According to World Bank estimates, the total physical and economic losses in Lebanon now stand at approximately $8.5 billion. No country can bear that considerable burden, let alone Lebanon, which has been facing countless crises for the past five years. Lebanon has become the only country in the world that has refugees as well as internally displaced persons. We reiterate our call on brotherly and friendly countries to stand alongside Lebanon in its plight. We point to the establishment of a fund that will be replenished by contributions from brotherly and friendly countries. The fund will be under United Nations supervision, so that spending for reconstruction can be under credible international oversight.
The key is for Israel to immediately stop the aggression, establish a ceasefire and withdraw from all occupied Lebanese territory, in addition to ending its violations of the Lebanese sovereignty and its ongoing bombing and air raids, in particular against civilians and civilian areas, and for resolution 1701 (2006) to be fully implemented. We reiterate the need to hold Israel accountable for its countless crimes. We again underscore Lebanon’s unwavering and firm commitment to resolution 1701 (2006) and to enhancing our defensive capacities so as to preserve our sovereignty and independence in the light of external ambitions and threats. We are committed to reinforcing the deployment of the Lebanese Armed Forces in the south so that, in accordance with resolution 1701 (2006), south of the Litani River will be only under the legitimate authority of the Government of Lebanon, and no weapons will be there without the consent of the Government of Lebanon.
Lebanon reaffirms its support for the United Nations Interim Force in Lebanon. We rely on its essential and effective role, pursuant to its mandate, in cooperating and coordinating with the Lebanese Armed Forces in order to strengthen the State authority throughout the Lebanese territories within the internationally recognized borders.
In conclusion, we recall the words of His Excellency Mr. Abdallah Bouhabib, Minister for Foreign Affairs and Emigrants of Lebanon, before the Council of Arab and Muslim Foreign Ministers. He said that partial solutions through a ceasefire and a recommitment to the implementation of resolution 1701 (2006) are much preferable to a continuation of the war. However, the most effective solution to establishing lasting peace in southern Lebanon is a comprehensive one, meaning
that the more Israel continues to violate Lebanon’s sovereignty by land, sea and air and the more Israel avoids acknowledging the international borders that were recognized and demarcated between Lebanon and Palestine in 1923 and confirmed by the Lebanese-Israeli Armistice Agreement signed on the island of Rhodes in 1949 under the auspices and oversight of the United Nations, the more Israel contributes for future wars, which we are working tirelessly to avoid.
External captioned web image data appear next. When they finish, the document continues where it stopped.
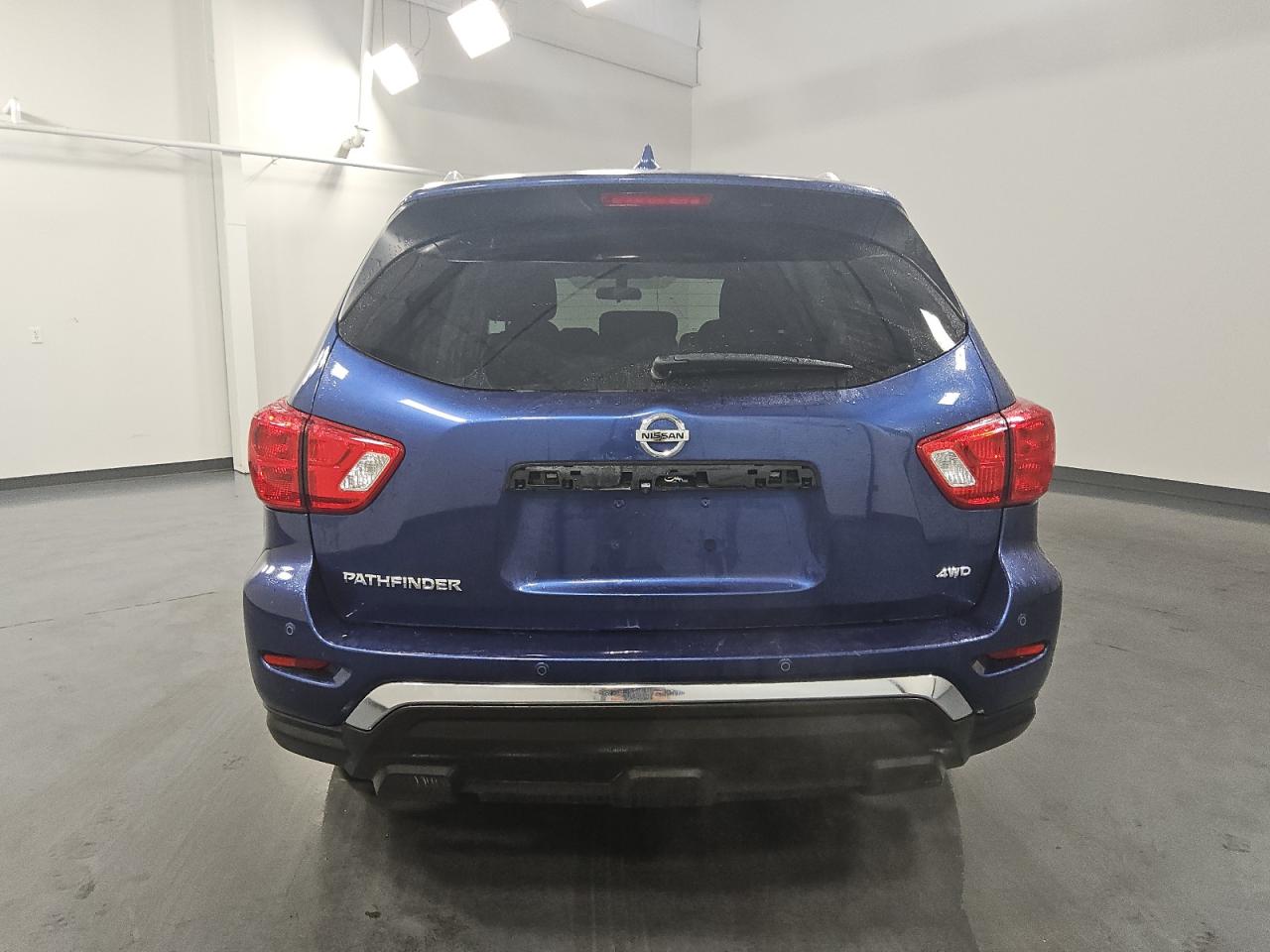 2020 Nissan Pathfinder S VIN: 5N1DR2AM0LC612752 Lot: 85085115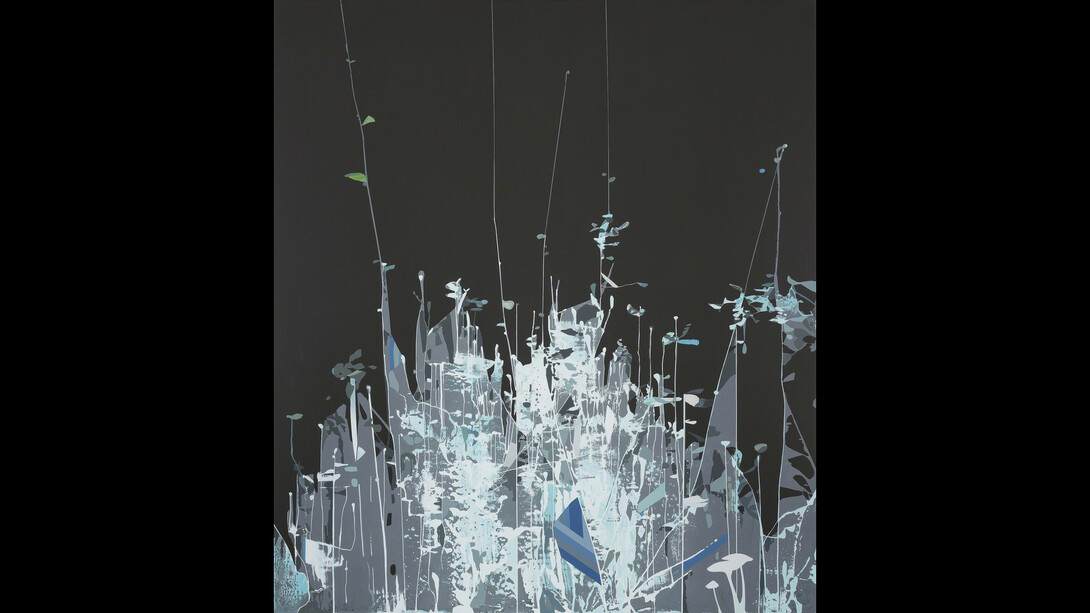 Florascape. Courtesy of Eleanor Harwood Gallery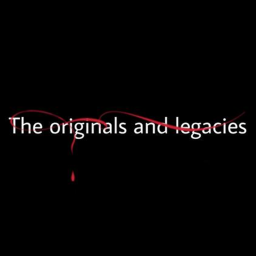 The Originals And Legacies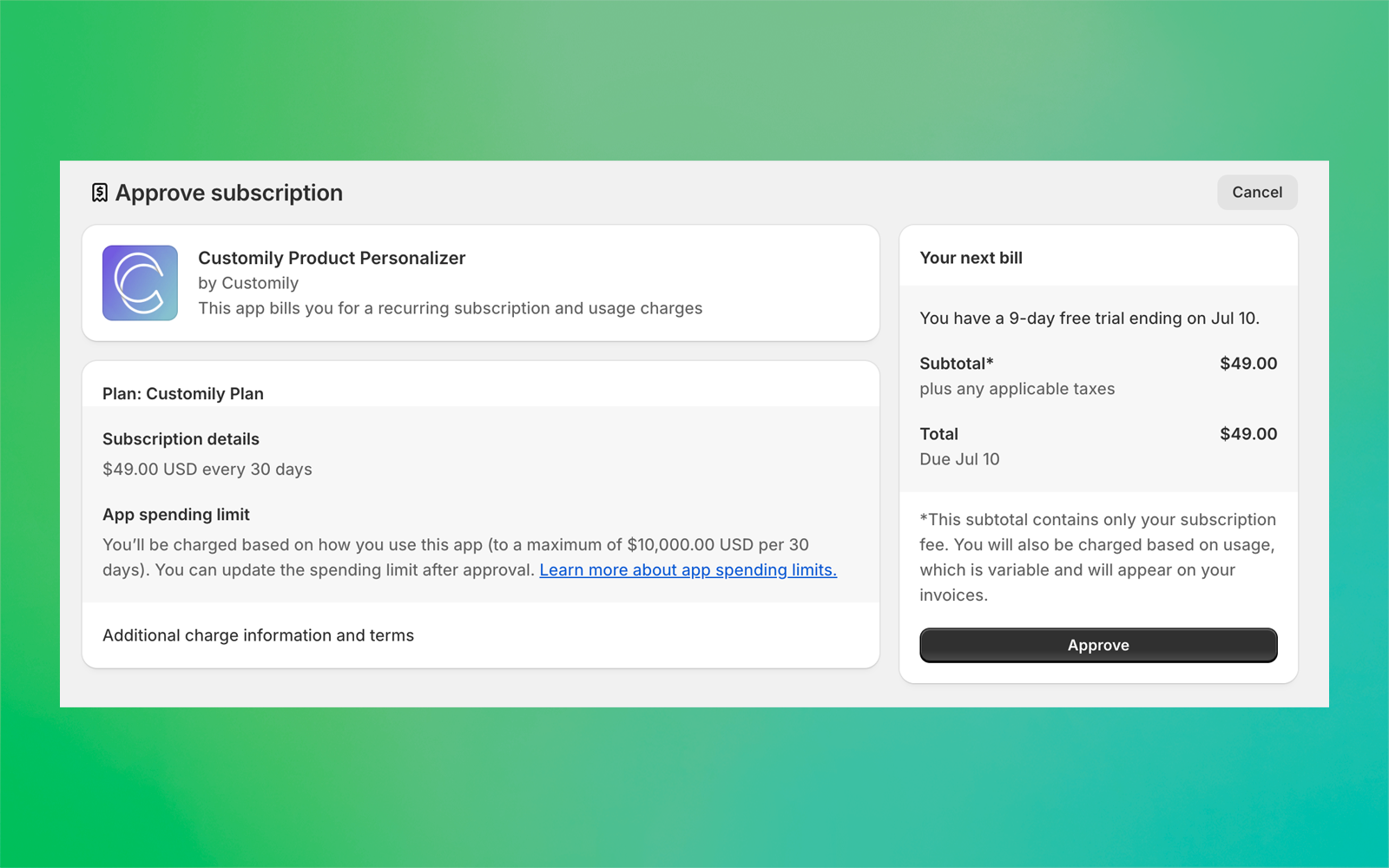 approve shopify subscription.png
Whoever wants to live in peace with their surroundings, including Lebanon — which embraced peace as a strategic choice at the Beirut Arab Summit in 2002 and adopted the
Arab Peace Initiative proposed by the Kingdom of Saudi Arabia — must end the violations once and for all and end the occupation of Lebanese lands.
There are still a number of speakers remaining on the list for this meeting. Given the lateness of the hour, I intend, with the concurrence of members with the Council, to suspend the meeting until 4.30 p.m. tomorrow afternoon.
I am grateful in particular to the interpreters for enabling us to go significantly beyond our time today.
The meeting was suspended at 1.40 p.m.